Any alignment. Well, Chaotic Good would be hard to justify but strictly speaking an individual having some idiocentric reason not to let go of a particular object is outside of the alignment system.

Now what that person is willing to do to keep it might be based on alignment. Chaotic types will be moved by personal appeals, as in good types will be moved by the plight of others while evil types would be moved by personal benefit. Lawful types will be moved by societal gains or losses. And of course, neutrals are a compromise between the two.

And if no argument would sway them, that would be an insanity. Again, outside of alignment considerations.


I would think they would have to be some kind of lawful since they basically have the "follow the rules no matter what happens" mindset


LN. The guardian is following his duty and is unswayed by outside events. Because people will die, does not make the guardian evil. It is simply not its concern.


Could be any.

First, one specific instance of behavior is not enough to determine alignment.

Secondly, sacred implies that the guardian believes it is important to be kept, and they could, for instance, believe that is more good to preserve it than it would be to save people. In a magical world, they could even be right.

Depending on the circumstances, that particular behavior would most likely be lawful and neutral, but I could come up with scenarios where it would be any good, evil, lawful or chaotic.
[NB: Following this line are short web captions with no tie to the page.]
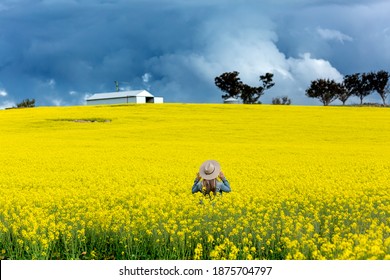 Farm Girl  Amidst A  Flowering Field Of Canola With Storm Clouds Looming Overhead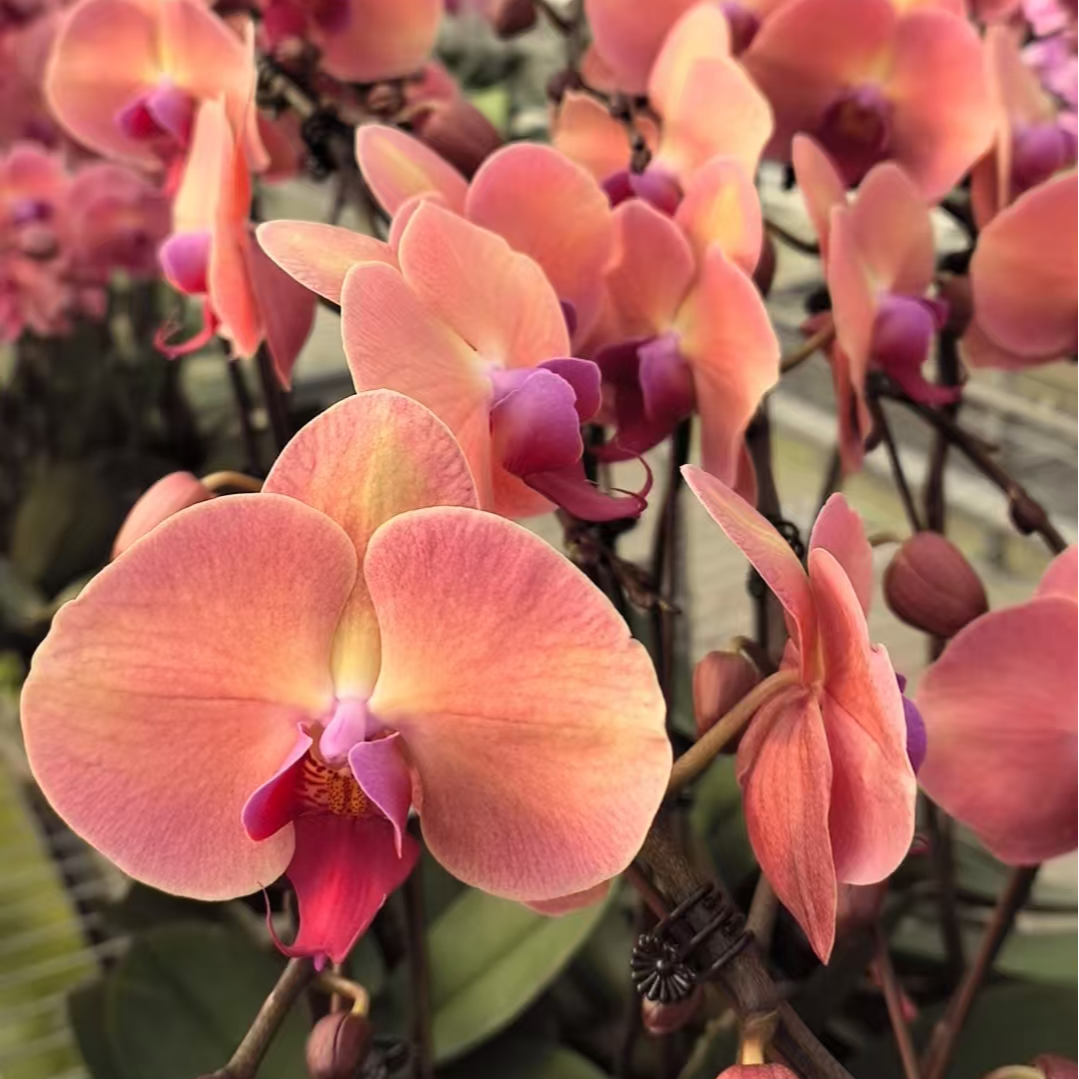 【欣欣向荣】蝴蝶兰花卉绿植盆栽花瓣带花剑带花苞浓香型好养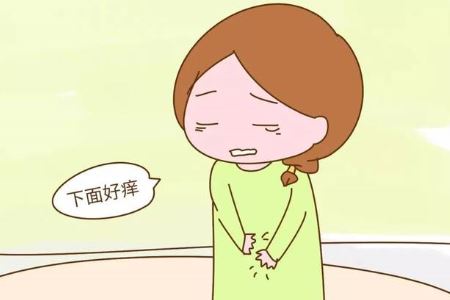 已婚女人预防阴道炎的两大方法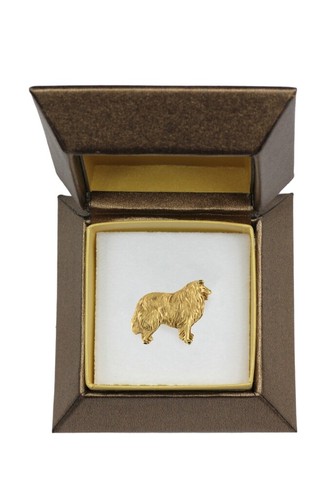 Collie pelo lungo pastore - a,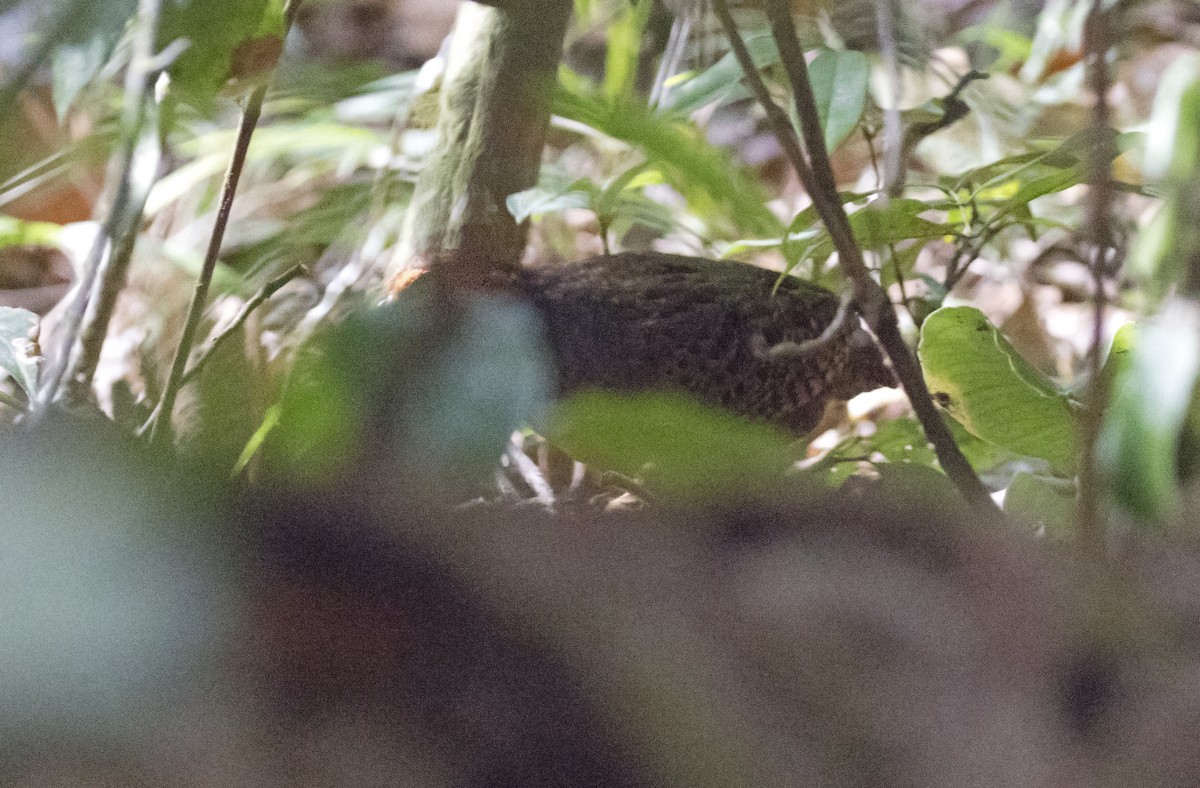 Tawny-faced Quail - ML212973021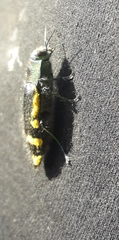 Hypoprasis elegans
Sounds lawful neutral to me.


Lawful "Not Nice" is still Neutral. In order to be Lawful Evil you have to be Lawful "Actively Cruel."


Lawful Neutral.

Lawful, because of their duty of keeping anyone from using it.
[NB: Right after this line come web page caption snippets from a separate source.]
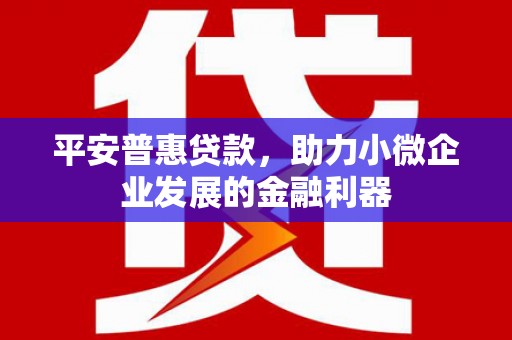 吉州平安普惠贷款，助力小微企业发展的金融利器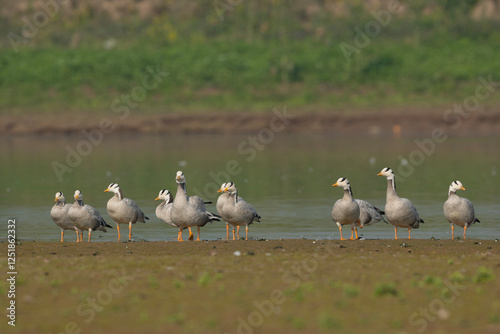 Obraz na płótnie Flock of Bar headed goose resting in River w salonie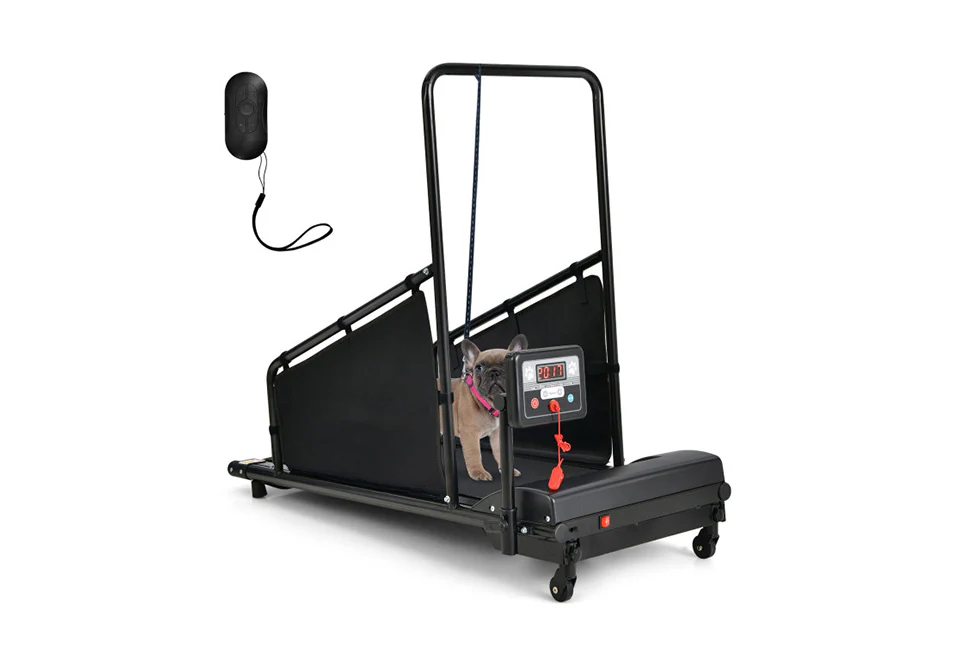 Pet Treadmill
Neutral, because they do not care about for what purpose this object would be used for.


alignment isnt the result of one action, including this one. so any alignment, though leaning towards lawful

Silver Crusade

Either Lawful or True Neutral. It sounds similar to the Watchers from Marvel comics, its duty is to do one thing, regardless of outside circumstances.


Val'bryn2 wrote:
Either Lawful or True Neutral. It sounds similar to the Watchers from Marvel comics, its duty is to do one thing, regardless of outside circumstances.
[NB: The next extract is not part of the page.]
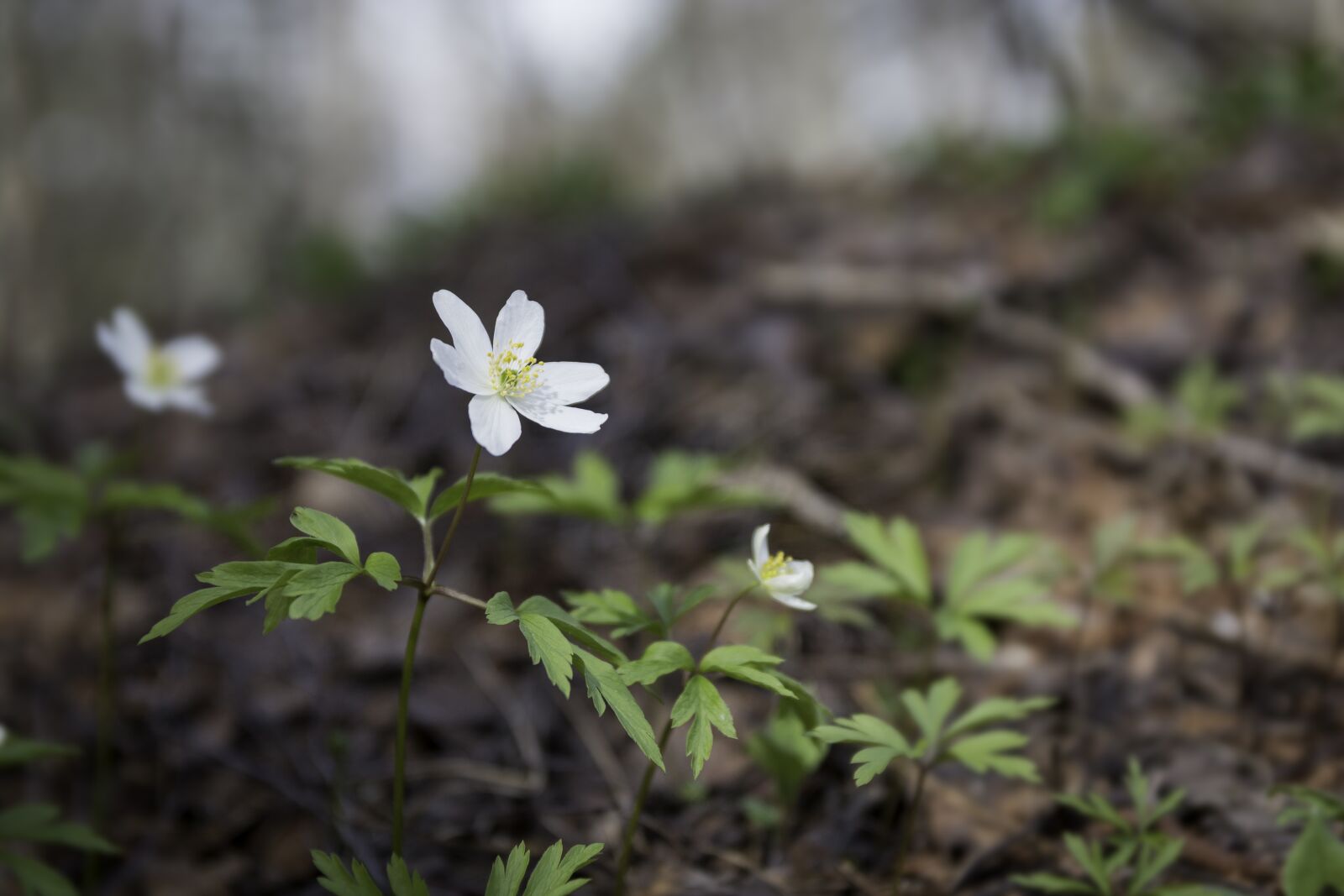 Canon EOS 70D sample photo. Wood anemone, white, bloom photography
That's it, exactly. --There may be factors far outside the scope of the PCs' limited knowledge that account for the most intuitive "good" option not being immediately pursued or even desirable from the POV of the NPC.


I would also say lawful neutral but you could probably make up a background to have that character fit other alignements.


Not enough information. Literally any alignment is plausible here.


Alignment is a stupid pigeon-holing classification that forces PC's/NPC's into thinking they have to act a certain way in every circumstance. The presence of mind in a given scenario with a coherent, rational actor is rarely that neat and groomed.

That being said, I'd say Lawful Neutral. Reasoning: He strictly adheres to a code of conduct to protect the mcguffin, and will not abandon that creed regardless of the good or evil that can come from allowing access to the mcguffin he's sworn to protect.


Extrapolating, the most likely is lawful neutral.

It's probably not evil because they're not doing this from a cruel or malicious motivation. They're doing it because they believe it's their sacred duty to protect this object regardless of who comes looking for it or their intentions.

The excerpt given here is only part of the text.